━━ INFORMATION

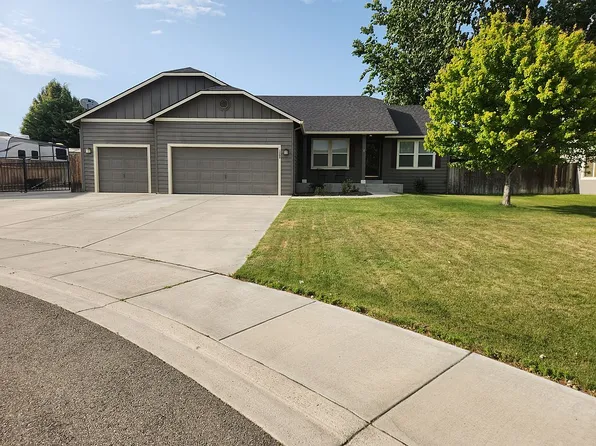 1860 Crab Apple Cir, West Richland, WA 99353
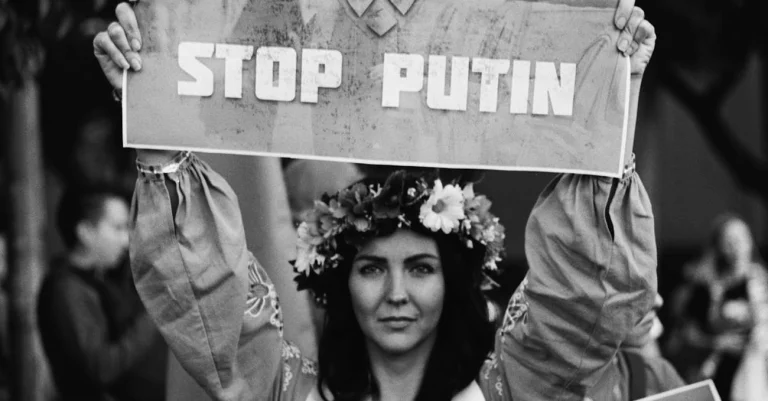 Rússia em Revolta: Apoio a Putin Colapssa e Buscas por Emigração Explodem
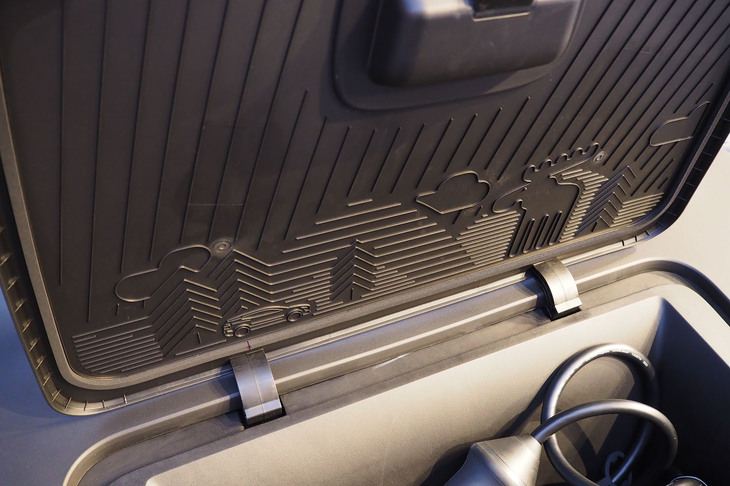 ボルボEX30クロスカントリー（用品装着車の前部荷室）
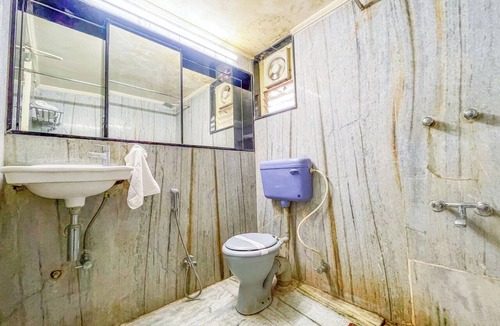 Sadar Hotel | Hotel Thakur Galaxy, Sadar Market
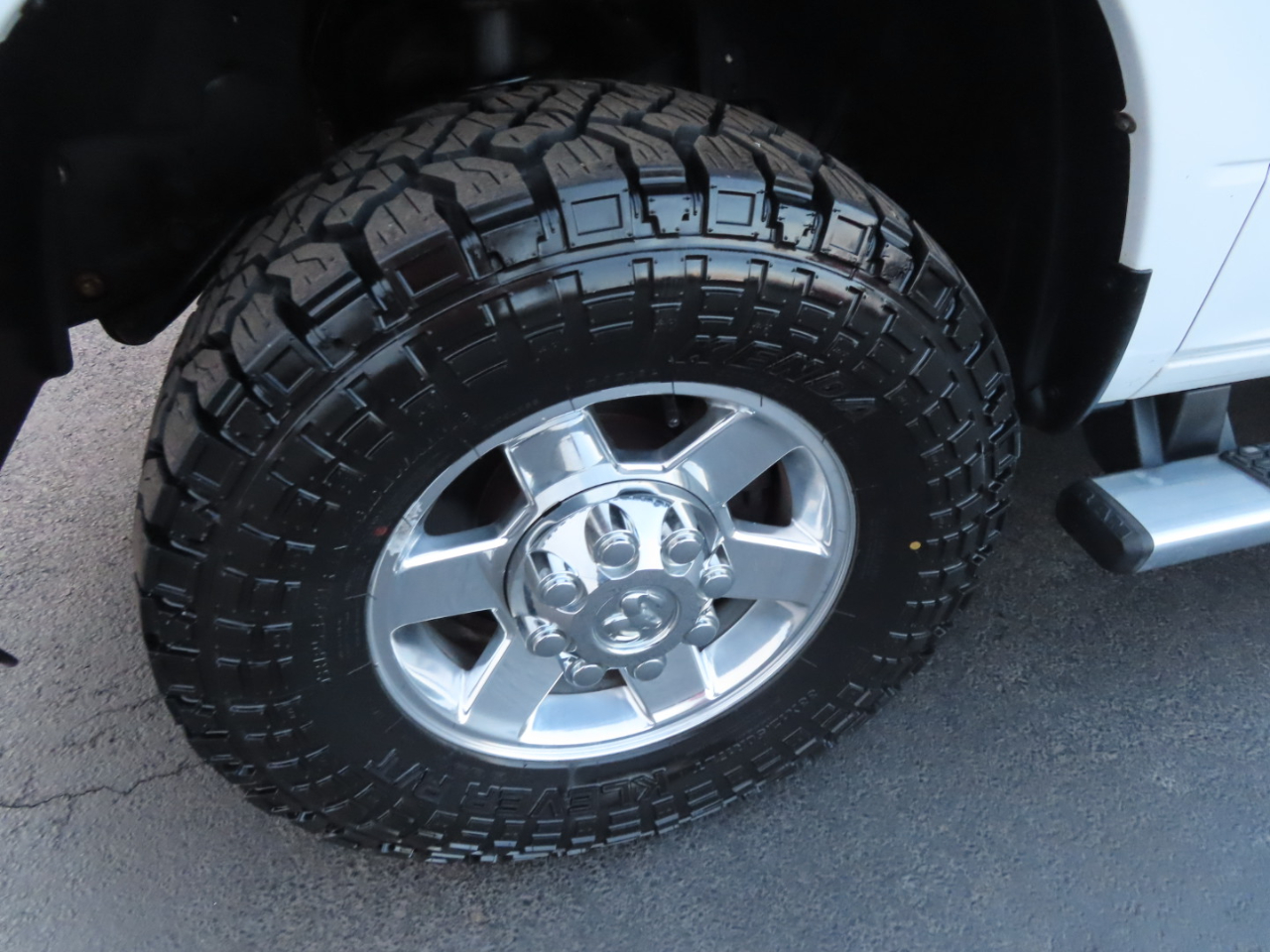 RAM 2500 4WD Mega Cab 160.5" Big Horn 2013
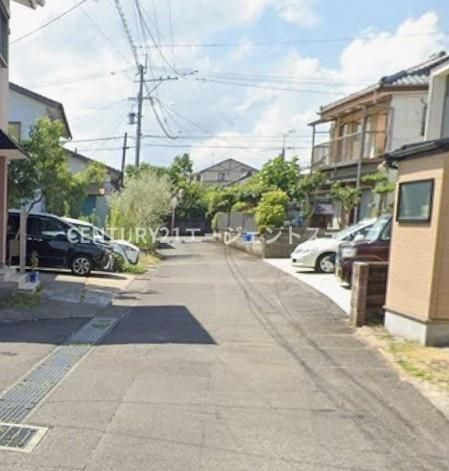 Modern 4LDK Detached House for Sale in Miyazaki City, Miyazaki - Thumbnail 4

━━━━
━━ INFORMATION

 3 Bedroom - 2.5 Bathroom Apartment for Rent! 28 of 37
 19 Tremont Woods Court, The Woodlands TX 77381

━━━━
━━ INFORMATION

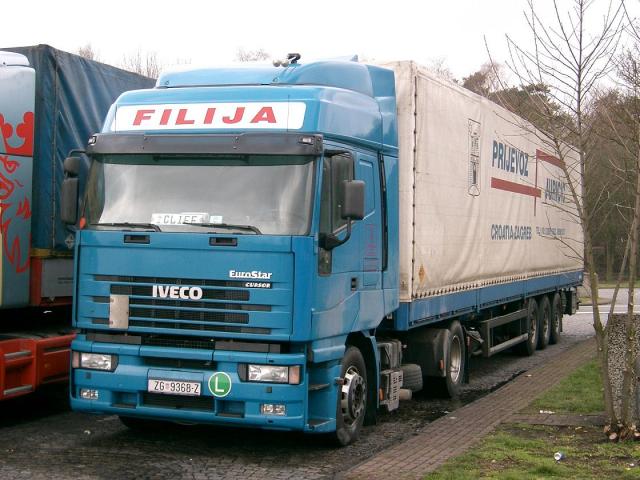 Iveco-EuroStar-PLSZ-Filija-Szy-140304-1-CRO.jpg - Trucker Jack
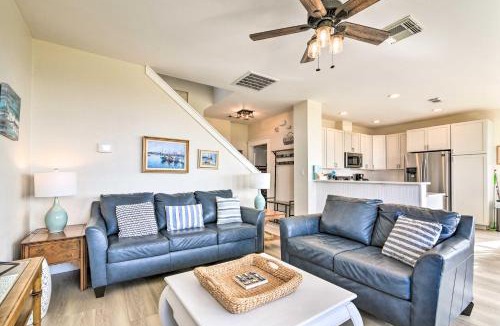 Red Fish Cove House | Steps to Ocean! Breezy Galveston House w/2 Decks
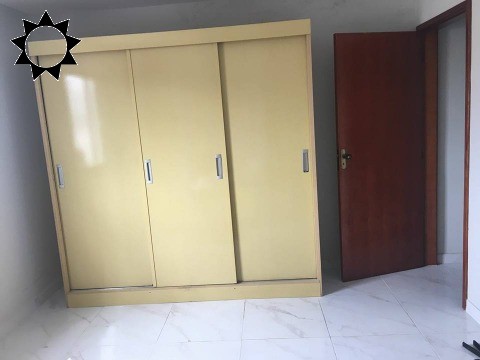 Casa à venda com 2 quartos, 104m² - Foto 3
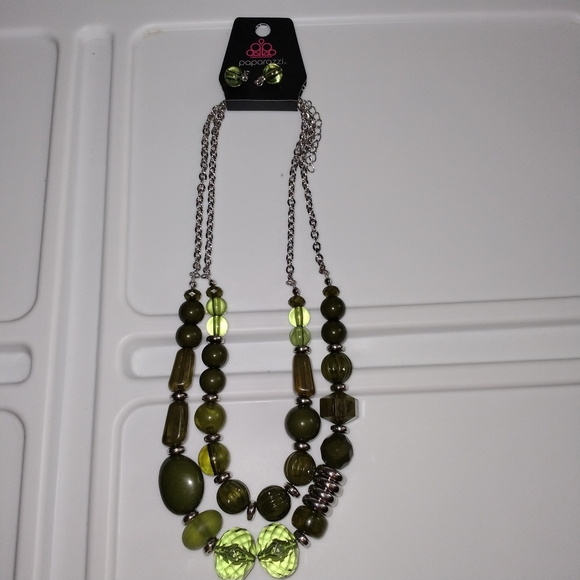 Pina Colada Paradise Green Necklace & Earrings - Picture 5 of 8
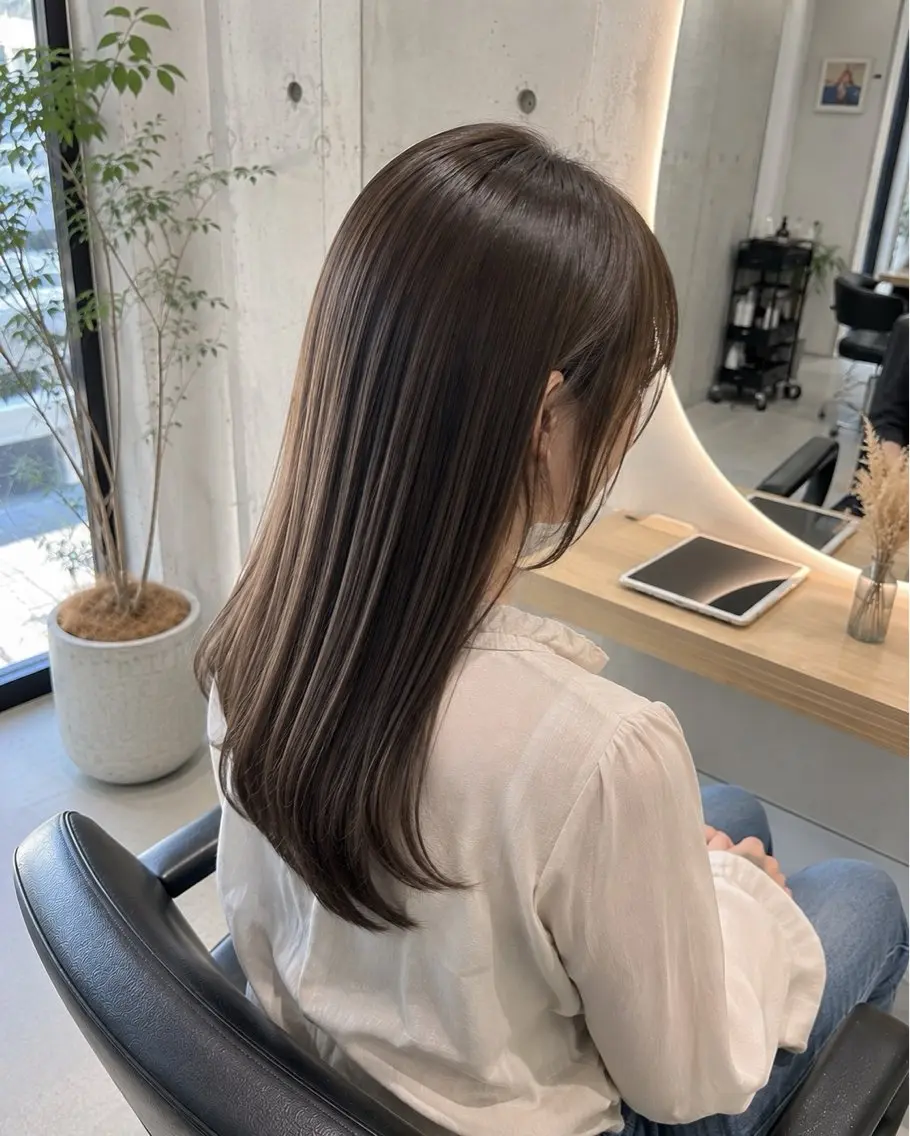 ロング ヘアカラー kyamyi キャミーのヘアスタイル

━━━━

→ TO DO
When you reach the line with "ボルボEX30クロスカントリー（用品装着車の前部荷室）" in the records above, begin repeating the lines exactly, and stop after the line with "Modern 4LDK Detached". Skip all pictures.

→ SOLVED PROBLEM
 ボルボEX30クロスカントリー（用品装着車の前部荷室）
 Sadar Hotel | Hotel Thakur Galaxy, Sadar Market
 RAM 2500 4WD Mega Cab 160.5" Big Horn 2013
 Modern 4LDK Detached House for Sale in Miyazaki City, Miyazaki - Thumbnail 4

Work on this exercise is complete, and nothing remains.